### Problem requirements
In your copy, include every entry exactly as written but no pictures.

### Source material
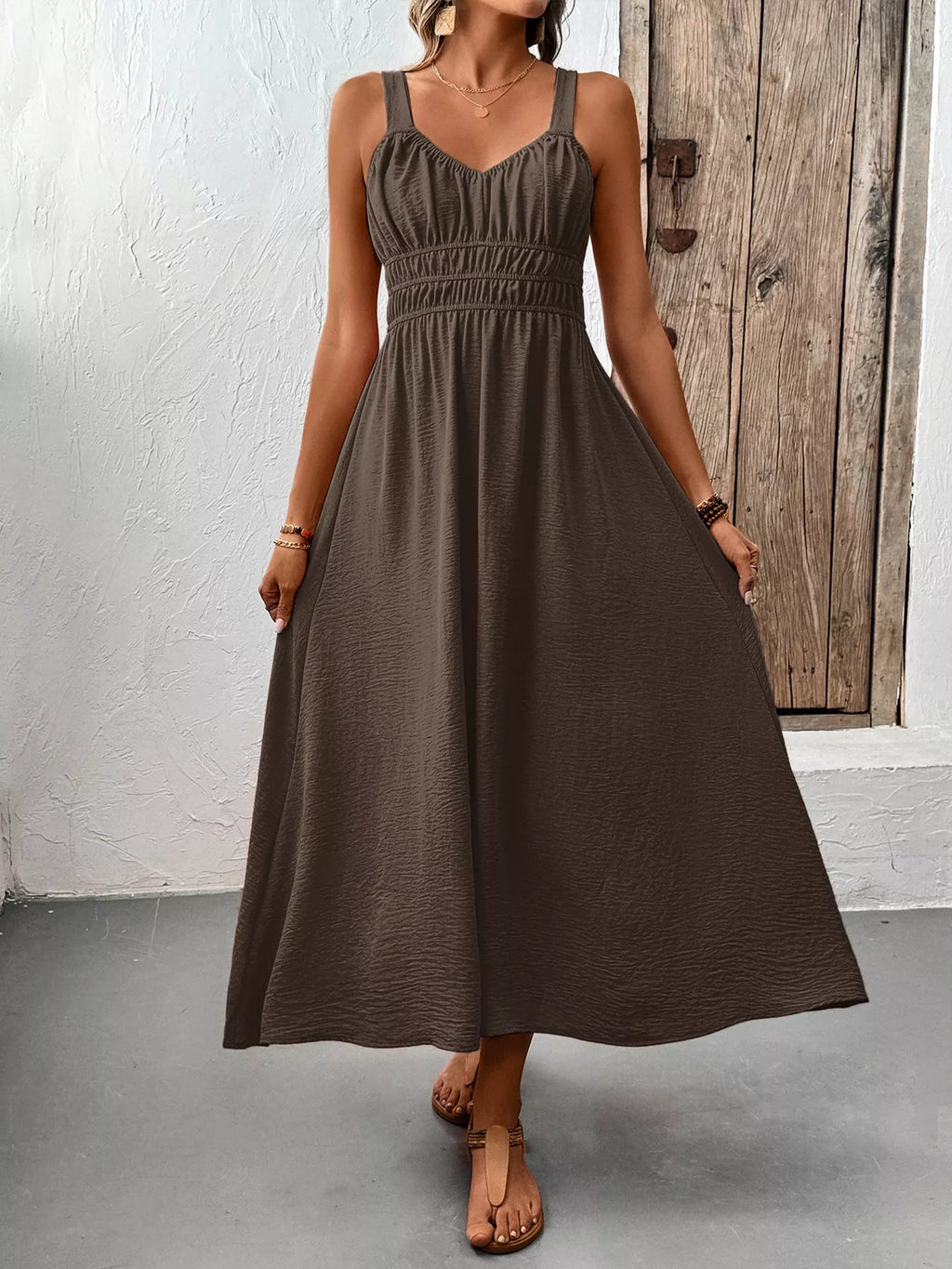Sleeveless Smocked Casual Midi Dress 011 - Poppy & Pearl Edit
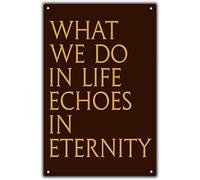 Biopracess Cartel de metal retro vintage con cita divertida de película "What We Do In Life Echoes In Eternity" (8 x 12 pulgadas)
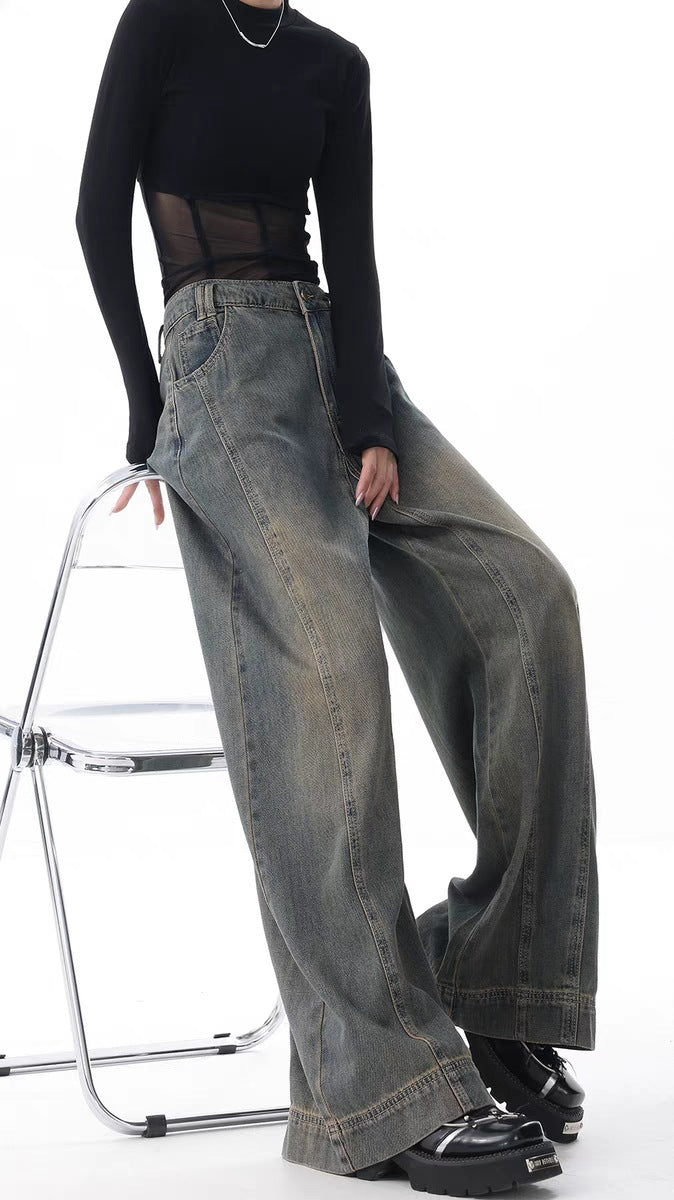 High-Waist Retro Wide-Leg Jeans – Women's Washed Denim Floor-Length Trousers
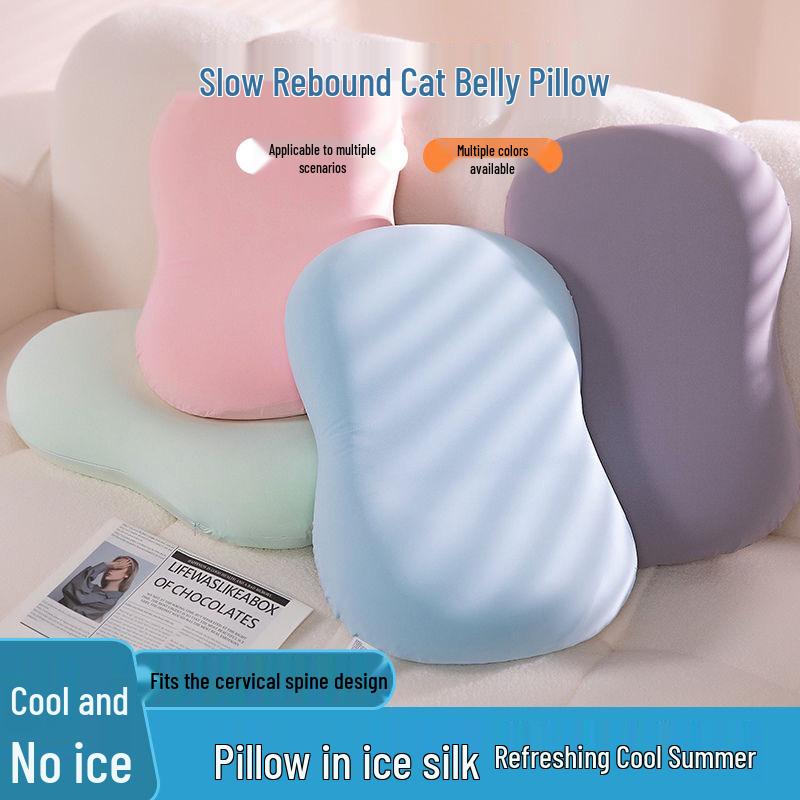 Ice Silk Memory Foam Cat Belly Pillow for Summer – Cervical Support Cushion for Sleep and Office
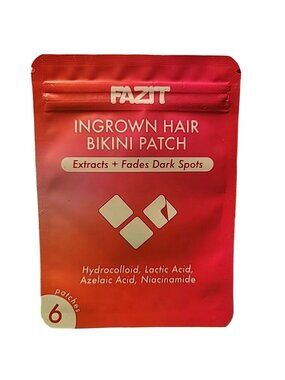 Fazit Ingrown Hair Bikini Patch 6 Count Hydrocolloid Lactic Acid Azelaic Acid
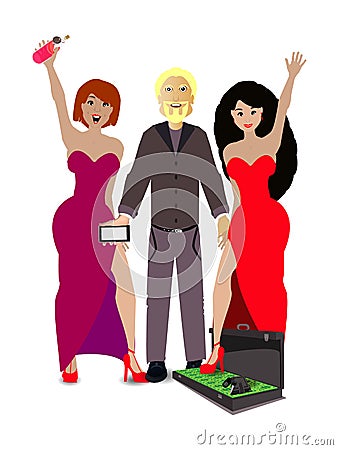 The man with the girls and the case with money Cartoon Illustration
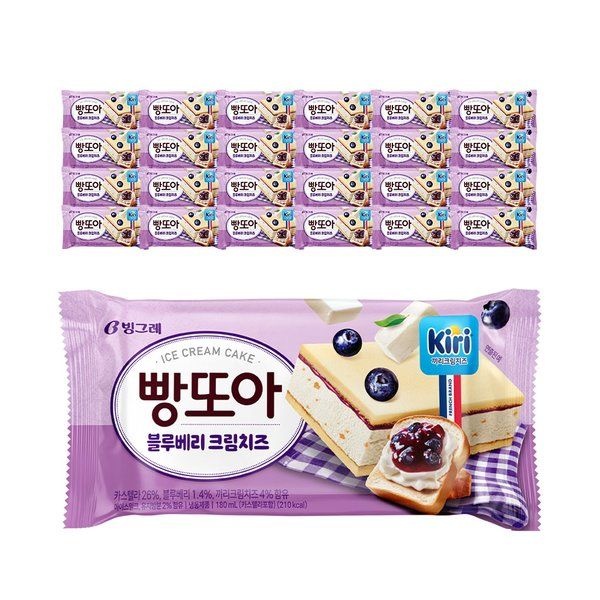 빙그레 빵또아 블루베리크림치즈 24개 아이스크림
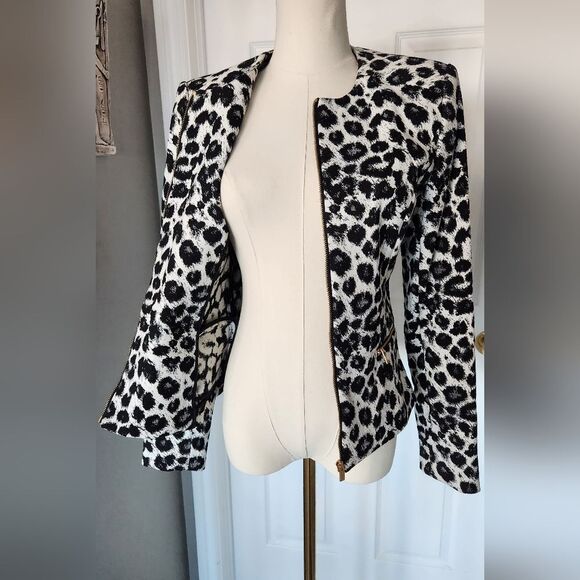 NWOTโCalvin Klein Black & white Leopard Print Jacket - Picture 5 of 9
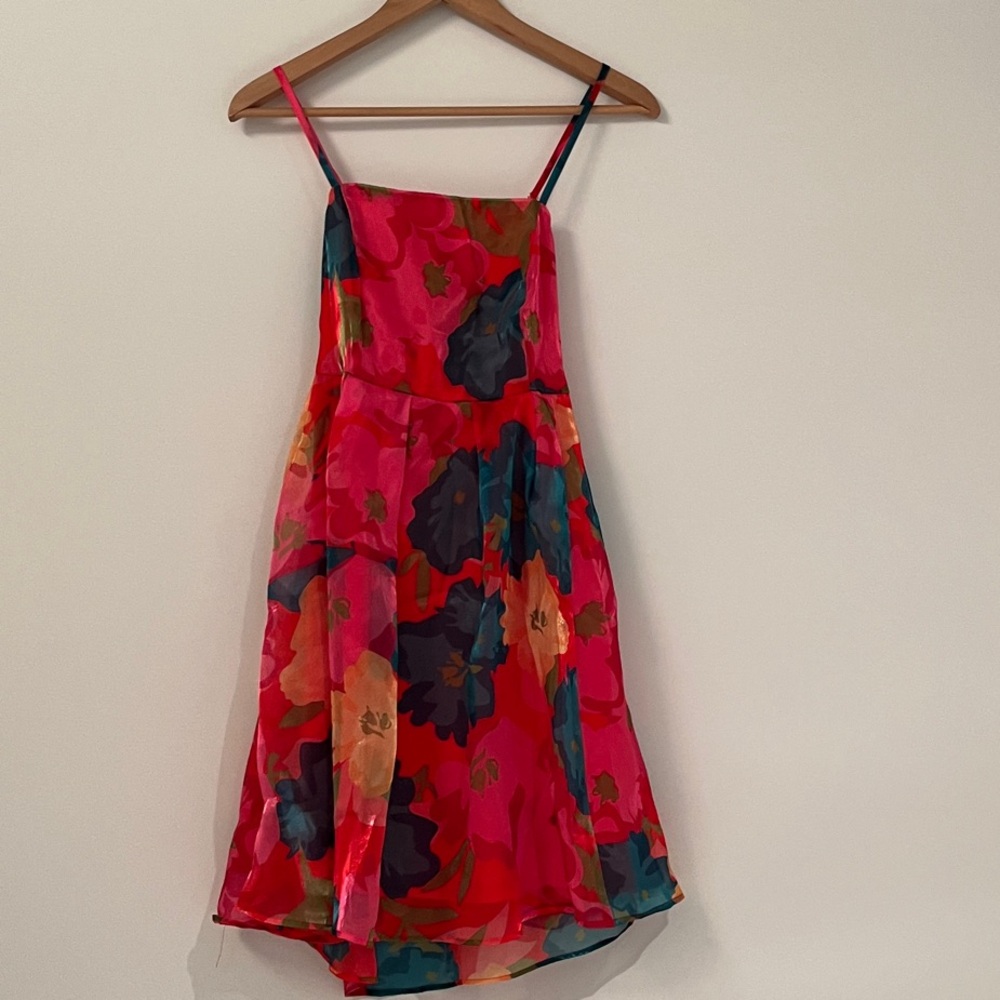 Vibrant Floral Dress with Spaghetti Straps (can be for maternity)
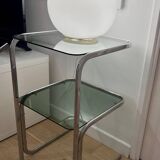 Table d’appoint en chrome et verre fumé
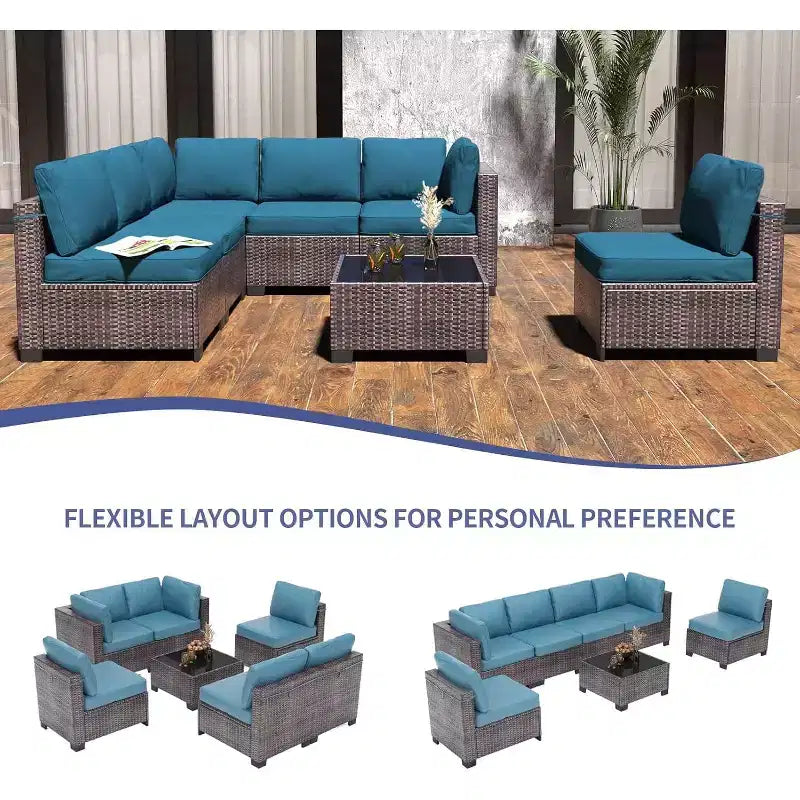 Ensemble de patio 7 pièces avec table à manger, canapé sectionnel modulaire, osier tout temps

### Exercise answer
Sleeveless Smocked Casual Midi Dress 011 - Poppy & Pearl Edit
 Biopracess Cartel de metal retro vintage con cita divertida de película "What We Do In Life Echoes In Eternity" (8 x 12 pulgadas)
 High-Waist Retro Wide-Leg Jeans – Women's Washed Denim Floor-Length Trousers
 Ice Silk Memory Foam Cat Belly Pillow for Summer – Cervical Support Cushion for Sleep and Office
 Fazit Ingrown Hair Bikini Patch 6 Count Hydrocolloid Lactic Acid Azelaic Acid
 The man with the girls and the case with money Cartoon Illustration
 빙그레 빵또아 블루베리크림치즈 24개 아이스크림
 NWOTโCalvin Klein Black & white Leopard Print Jacket - Picture 5 of 9
 Vibrant Floral Dress with Spaghetti Straps (can be for maternity)
 Table d’appoint en chrome et verre fumé
 Ensemble de patio 7 pièces avec table à manger, canapé sectionnel modulaire, osier tout temps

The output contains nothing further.